深度学习（27）——YOLO系列（6）

嗨，好久不见，昨天结束了yolov7的debug过程，真的在尽力句句理解，我想这应该是我更新的yolo系列的最后一篇，但是仅限于yolo，detect的话题还不会结束，还会继续进行，detect结束以后再说segmentation。和往常以一样的过程，从data开始。
注：在此不会句句讲解，只对我觉得很核心的内容展开，所以你懂吧，我能写进来的都是核心的核心，敲黑板！还有我一边debug一边写的草稿。足足有三页，这我怎么可以不出一篇blog和大家分享我的喜悦呢？

文章目录

深度学习（27）——YOLO系列（6）
- 1. 数据
- - 1.1 mosaic方法
- 2. 模型
- 3. 训练
- 4. 推理

1. 数据

在这篇文章中用到的数据是东北大学发表的表面缺陷数据集（NEU-DET），已上传到资源，有需要自取。这个数据集收集了热轧钢带的六种典型表面缺陷，即轧制氧化皮（RS），斑块（Pa），开裂（Cr），点蚀表面（ PS），内含物（In）和划痕（Sc）。该数据库包括1,800个灰度图像：六种不同类型的典型表面缺陷，每一类缺陷包含300个样本。对于缺陷检测任务，数据集提供了注释，指示每个图像中缺陷的类别和位置。对于每个缺陷，黄色框是指示其位置的边框，绿色标签是类别分数。
在training的配置中加载data.yaml 就OK

train: ..\NEU-DET\train.txt
val:..\NEU-DET\val.txt

# number of classes
nc: 6

# class names
names: ['crazing', 'inclusion', 'patches', 'pitted_surface', 'rolled-in_scale', 'scratches']

在这里插入图片描述
数据读入很简单，作者巧妙地运用了cache思想，数据只在第一次读入时需要很久，之后使用生成的cache加载数据。这里想说的是在数据增强部分的一个关键的方法mosaic方法。

1.1 mosaic方法

核心思想： Mosaic数据增强 是一种在计算机视觉任务中常用的数据增强技术。它通过将多个不同样本的图像拼接成一个大的合成图像，然后将该合成图像用作训练数据来增加模型的鲁棒性和泛化能力。
使用步骤：
- 随机选择四个不同的训练样本图像。【注：可以不是4个，比如9个，或者根据自己的想法拼接，但是一定要注意image和label要一起变化】
- 将这些选定的图像按照一定的比例拼接在一起，形成一个大的合成图像。
- 对合成图像进行随机裁剪，以获得训练样本。
- 对裁剪后的样本进行标签调整，以适应新的图像布局。
- 使用裁剪后的样本作为训练数据，输入到模型中进行训练。
使用该方法拟解决问题：引入更多的变化和复杂性，从而提高模型对于不同场景、不同尺度、不同物体相互间关系的识别和理解能力。通过将多个样本进行拼接，模型能够学习到更丰富的特征表示，并且在遇到类似的情况时更加稳定和可靠。
适用场景：常用于目标检测、语义分割和图像分类等任务中，可以帮助模型更好地应对复杂场景、小目标、遮挡和视角变化等情况。

# 四个拼接
def load_mosaic(self, index):
    # loads images in a 4-mosaic

    labels4, segments4 = [], []
    s = self.img_size
    yc, xc = [int(random.uniform(-x, 2 * s + x)) for x in self.mosaic_border]  # mosaic center x, y
    indices = [index] + random.choices(self.indices, k=3)  # 3 additional image indices
    for i, index in enumerate(indices):
        # Load image
        img, _, (h, w) = load_image(self, index)

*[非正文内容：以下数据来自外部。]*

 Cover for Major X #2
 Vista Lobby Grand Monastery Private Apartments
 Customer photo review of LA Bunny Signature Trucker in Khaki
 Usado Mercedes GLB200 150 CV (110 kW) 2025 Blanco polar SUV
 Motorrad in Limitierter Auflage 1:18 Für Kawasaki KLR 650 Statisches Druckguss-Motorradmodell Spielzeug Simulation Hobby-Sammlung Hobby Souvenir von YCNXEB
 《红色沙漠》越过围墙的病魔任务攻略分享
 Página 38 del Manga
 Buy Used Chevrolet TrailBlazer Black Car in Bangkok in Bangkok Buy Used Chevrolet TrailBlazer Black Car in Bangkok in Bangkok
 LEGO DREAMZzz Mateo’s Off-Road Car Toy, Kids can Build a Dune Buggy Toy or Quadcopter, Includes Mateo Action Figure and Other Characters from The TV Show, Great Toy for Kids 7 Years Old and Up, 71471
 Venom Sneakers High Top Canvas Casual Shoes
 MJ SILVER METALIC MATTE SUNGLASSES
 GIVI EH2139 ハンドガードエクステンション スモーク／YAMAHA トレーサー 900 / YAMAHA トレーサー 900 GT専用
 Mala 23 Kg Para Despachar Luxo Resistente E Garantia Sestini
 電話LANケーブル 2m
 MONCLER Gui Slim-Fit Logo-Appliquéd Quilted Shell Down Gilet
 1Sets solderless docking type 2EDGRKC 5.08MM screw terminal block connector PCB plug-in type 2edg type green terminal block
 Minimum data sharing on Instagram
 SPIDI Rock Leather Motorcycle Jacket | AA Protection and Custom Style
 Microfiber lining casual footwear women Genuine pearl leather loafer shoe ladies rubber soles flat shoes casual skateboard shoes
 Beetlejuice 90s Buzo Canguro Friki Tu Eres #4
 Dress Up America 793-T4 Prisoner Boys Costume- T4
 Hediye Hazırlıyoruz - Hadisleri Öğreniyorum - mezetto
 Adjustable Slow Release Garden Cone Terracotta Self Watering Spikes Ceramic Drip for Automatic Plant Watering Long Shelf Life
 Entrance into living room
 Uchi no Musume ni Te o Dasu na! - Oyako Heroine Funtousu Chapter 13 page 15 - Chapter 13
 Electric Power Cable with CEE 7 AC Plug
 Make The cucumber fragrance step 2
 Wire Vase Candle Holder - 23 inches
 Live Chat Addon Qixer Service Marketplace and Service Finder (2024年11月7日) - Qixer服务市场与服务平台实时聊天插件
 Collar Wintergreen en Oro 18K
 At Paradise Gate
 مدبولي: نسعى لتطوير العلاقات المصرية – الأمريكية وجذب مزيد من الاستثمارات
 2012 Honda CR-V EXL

        # place img in img4
        if i == 0:  # top left
            img4 = np.full((s * 2, s * 2, img.shape[2]), 114, dtype=np.uint8)  # base image with 4 tiles
            x1a, y1a, x2a, y2a = max(xc - w, 0), max(yc - h, 0), xc, yc  # xmin, ymin, xmax, ymax (large image)
            x1b, y1b, x2b, y2b = w - (x2a - x1a), h - (y2a - y1a), w, h  # xmin, ymin, xmax, ymax (small image)
        elif i == 1:  # top right
            x1a, y1a, x2a, y2a = xc, max(yc - h, 0), min(xc + w, s * 2), yc
            x1b, y1b, x2b, y2b = 0, h - (y2a - y1a), min(w, x2a - x1a), h
        elif i == 2:  # bottom left
            x1a, y1a, x2a, y2a = max(xc - w, 0), yc, xc, min(s * 2, yc + h)
            x1b, y1b, x2b, y2b = w - (x2a - x1a), 0, w, min(y2a - y1a, h)
        elif i == 3:  # bottom right
            x1a, y1a, x2a, y2a = xc, yc, min(xc + w, s * 2), min(s * 2, yc + h)
            x1b, y1b, x2b, y2b = 0, 0, min(w, x2a - x1a), min(y2a - y1a, h)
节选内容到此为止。